Macy stares at her for a full ten seconds before answering. “No.”
“You get hit?”
“No.”
“Jesus, Macy.”
That’s it. Jesus, Macy. Not a question. Not a condemnation. Just her name used like an old sock wrung out over the sink.
In the bathroom mirror, she examines herself with the reverence of someone hunting for a relic. Her face looks fine except for the lip, which has started to turn purple at the edge. Her braid is loose, not sexy loose, just tired. There’s a dried leaf in it. She leaves it there.
Last year, someone at school made a meme out of her. A blurry photo in gym class with the caption: MACEY GRACEY LOOKIN LIKE A GHOST FETUS. They spelled her name wrong and it still went viral. For a week, kids whispered “ghost fetus” in the hallways. She carried around a tampon in her mouth and didn’t smile. They stopped.
This is her legacy now. A town where girls are born to be homecoming queens, or bleach blonde at seventeen, or stay. Macy wants to be something else. A spore, maybe. Or a rumor.
She touches the split again. It pulses like a tiny mouth whispering try harder.
Outside, it’s full dark. She walks barefoot down the center of River Road where the asphalt’s still warm and everything smells like skunk cabbage and fireworks from last month’s fair. She’s not sure where she’s going. Maybe the water tower. Maybe that dead-end street where the stray dogs live like ex-boyfriends. She thinks about climbing something. She thinks about screaming. She thinks about how everything tastes like blood lately, even when she’s not bleeding.
She passes an abandoned bike, a sun-bleached tire swing, a Barbie missing her legs.
From somewhere deep inside: hit like a girl.
She smiles, and this time she means it.
They say she was always like this. Even when she was small.
Macy Grace Hanlon: age six, arms windmilling in a sundress at the Pentecostal picnic, dirt on her knees, popsicle stains tattooing her elbows, yelling at the sky because the clouds weren’t doing anything. She bit a boy for cutting in line at the bouncy castle. He told his mom. She said Macy was feral. Macy didn’t know what that meant, but she liked the sound of it. Said it all week in the bathtub. Feral. Feral. Feral. Like a charm, or a curse.
Her cousin told her that periods were when God bled you so you wouldn’t get too powerful. Macy believed her. Macy felt something crack open behind her ribs that night, something not quite pain and not quite voice. She pressed her palm flat against her sternum and whispered, “Don’t worry. We’ll lie to them.”
Church camp, age eleven. Someone found a raccoon skull in the creek and said it was a sign. Macy wore it on a string around her neck for two days before the counselors made her give it up. Said it was morbid. Said it wasn’t feminine. Macy said, “You want feminine? I’ll make you feminine.” She meant it like a threat, but also maybe like a wish.

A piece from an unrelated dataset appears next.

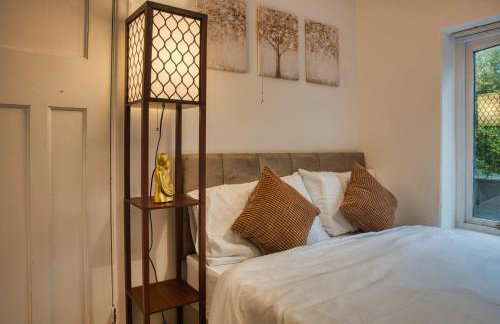 Modern 3BR Manchester Home Sleeps 7 Parking - Foto 46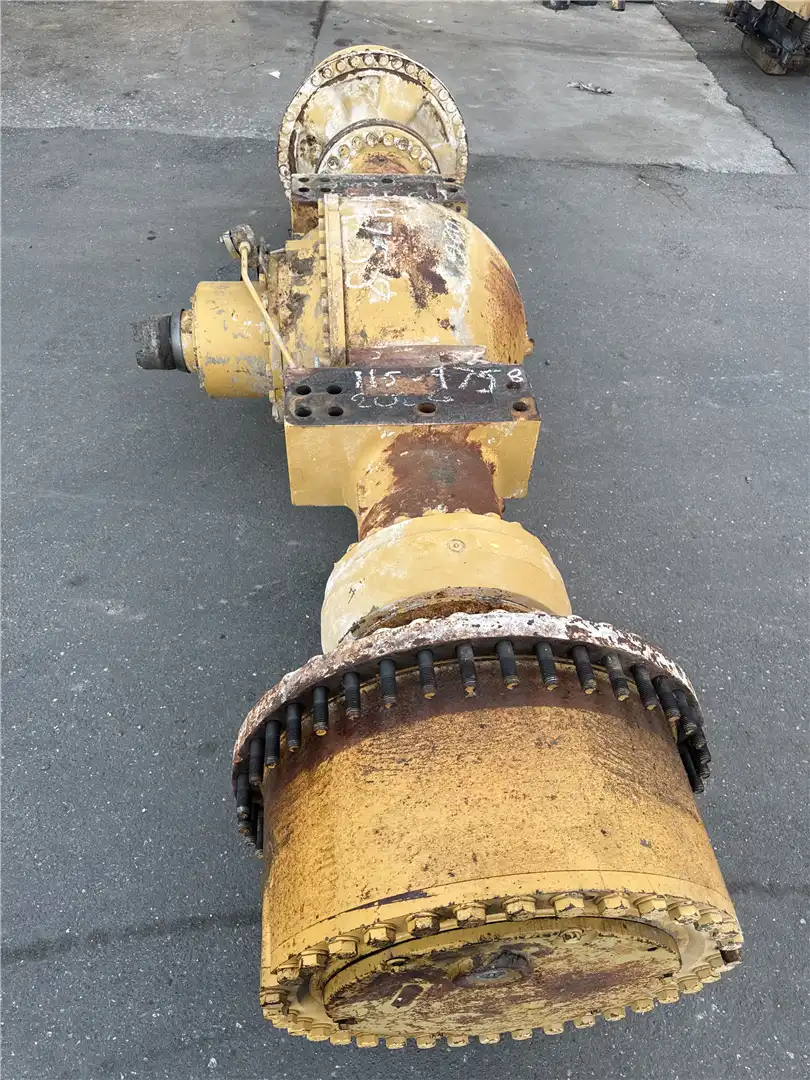 USED FRONT AXLE image 3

That was the summer she kissed Lila Goodman during the night game in the chapel basement. Just for fun. Just to see. Lila cried after. Said she couldn’t sleep. Said she saw the devil in Macy’s eyes.
Macy laughed and said, “You probably did.”
Thirteen now, and the stories start to follow her like stray cats. Did you hear she doesn’t shave? Did you hear she put a frog in her bra and said it was her real heart? Did you hear she sleeps in the crawlspace? Did you hear she stole a boy’s shoes and buried them in the churchyard? Did you hear she’s been touched?
Macy doesn’t correct any of them. She starts walking with a limp. On purpose. She writes fake diary entries and leaves them in bathroom stalls:
“God told me to stop smiling. Says it confuses the men.”
“I’m not alone. I’m just waiting for the other girls to wake up.”
“She hit like a girl. Which is to say, with grace, and venom, and an ache that lived in her fists like hunger.”
The vice principal calls her mother. The mother shrugs and says, “She’s always been… artistic.”
Fifteen and Macy starts collecting things. Zippo lighters without fuel. Tiny locks with no keys. Lost earrings. Snaps from jeans. Notes passed between girls with the word forever scratched out. She hides them in an old shoebox behind the cemetery. The box is lined with the tag from her first training bra and a lock of her own hair, cut during an eclipse.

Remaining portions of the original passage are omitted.